Hello! I am using the REST service of BioGRID for fetching the PPI in Homo sapiens, following the instructions from the BioGRID repository and as template this script https://github.com/BioGRID/BIOGRID-REST-EXAMPLES/blob/master/get_interactions_for_pandas.py However, when I check the shape of the DataFrame, it always show me a maximum of 10K interactions, I understand that this is due to the restriction of the REST service, where the number maximum of interactions is 10K. I would like to know is someone had faced the same problem before and how to solve it?
Here is my script:
``
# Define the URL for fetching protein interactions from BioGRID
BIOGRID_URL = "https://webservice.thebiogrid.org/interactions/?"
#BioGRID API key
API_KEY = "myKEY"
# Species ID
SPECIES_ID = "9606" # Homo sapiens
def fetch_protein_interactions():
params = {
"taxId": SPECIES_ID,
"accesskey": API_KEY,
"format": "json",
# "interSpeciesExcluded":"true",
# "selfInteractionsExcluded":"true",
# "includeEvidence":"true",
# "throughputTag":"true"
}
try:
response = requests.get(BIOGRID_URL, params=params)
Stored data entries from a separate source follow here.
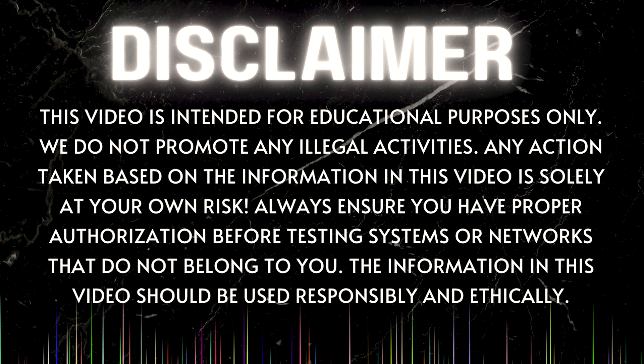This video is intended for educational purposes only. We do not promote any illegal activities. Any action taken based on the information in this video is solely at your own risk. Always ensure you have proper authorization before testing systems or networks that do not belong to you. The information in this video should be used responsibly and efficiently.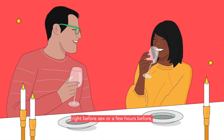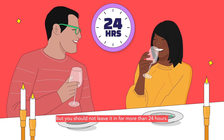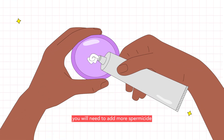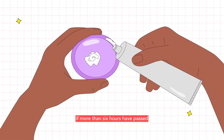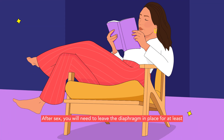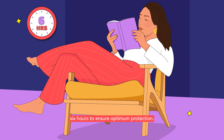You can insert a diaphragm right before sex or a few hours before, but you should not leave it in for more than 24 hours. If you have sex more than once within this time, you will need to add more spermicide if more than six hours have passed since the last sexual act. After sex, you will need to leave the diaphragm in place for at least six hours to ensure optimum protection.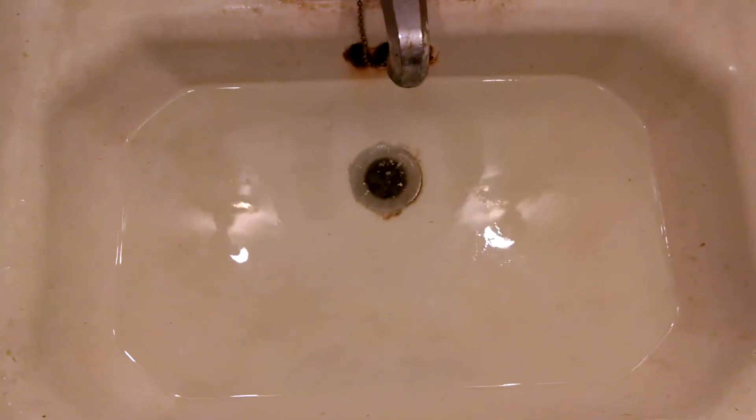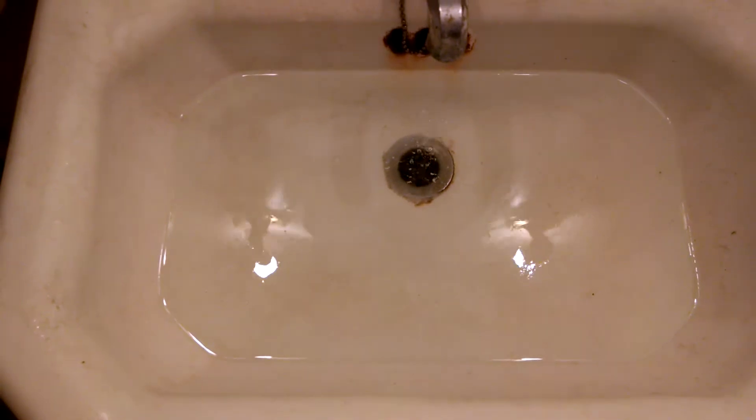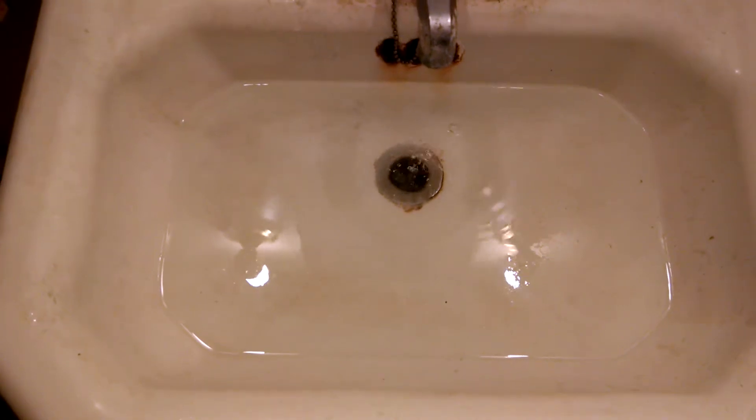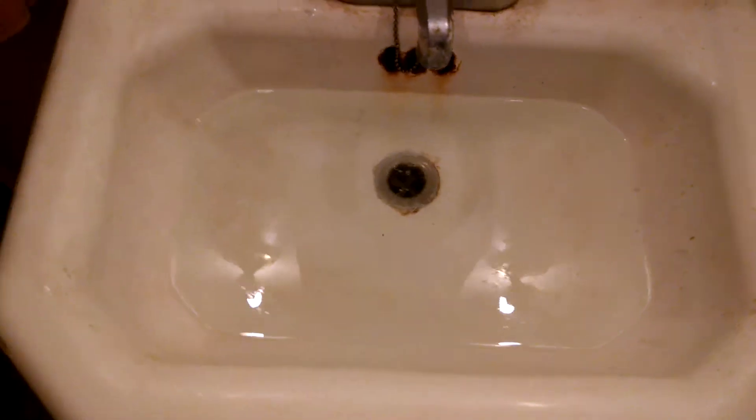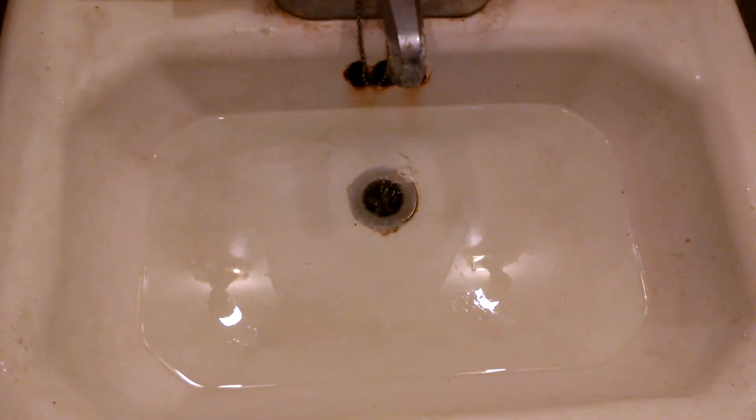Oh, it's activating. Apparently didn't put enough baking soda in, or enough vinegar in or something. But it's definitely eating through there. You can see the bubbles.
response.raise_for_status()
interactions_data = response.json()
return interactions_data
except requests.exceptions.RequestException as e:
print("Error fetching data:", e)
return None
def transform_to_dataframe(interactions_data):
# Extract relevant data fields
interactions = []
for interaction_id, interaction_info in interactions_data.items():
interaction_entry = {
"BioGrid ID_A":interaction_info["BIOGRID_ID_A"],
"BioGrid ID_B":interaction_info["BIOGRID_ID_B"],
"Organism A":interaction_info["ORGANISM_A"],
"Organism B":interaction_info["ORGANISM_B"],
"SymbInter_A": interaction_info["OFFICIAL_SYMBOL_A"],
"SymbInter_B": interaction_info["OFFICIAL_SYMBOL_B"],
"Gen A":interaction_info["ENTREZ_GENE_A"],
"Gen B":interaction_info["ENTREZ_GENE_B"],
"Experimental System": interaction_info["EXPERIMENTAL_SYSTEM"],
"Experimental System Type": interaction_info["EXPERIMENTAL_SYSTEM_TYPE"],
"Throughput": interaction_info["THROUGHPUT"],
"Quantitation": interaction_info["QUANTITATION"],
"Qualification": interaction_info["QUALIFICATIONS"],
"Pubmed Author": interaction_info["PUBMED_AUTHOR"]
}
interactions.append(interaction_entry)
# Convert to Pandas DataFrame
interactions_df = pd.DataFrame(interactions)
return interactions_df
if __name__ == "__main__":
interactions_data = fetch_protein_interactions()
# print(interactions_data) # Debug: print interactions_data
if interactions_data:
interactions_df = transform_to_dataframe(interactions_data)
print("DataFrame Size:")
print(interactions_df.shape) # shape of df
print("Number of Interactions:")
print(len(interactions_df)) # number of interactions
# print(interactions_df.head(10)) # dataframe head
how about 'just' using the XML dump ? https://wiki.thebiogrid.org/doku.php/psi-mi_xml_version_2.5
Thank you for your answer. It is a good option, however, dealing with such files for further filtering it is a more complicated task in my opinion, or at least I have not be able to do it, that's why I was looking for the REST service option.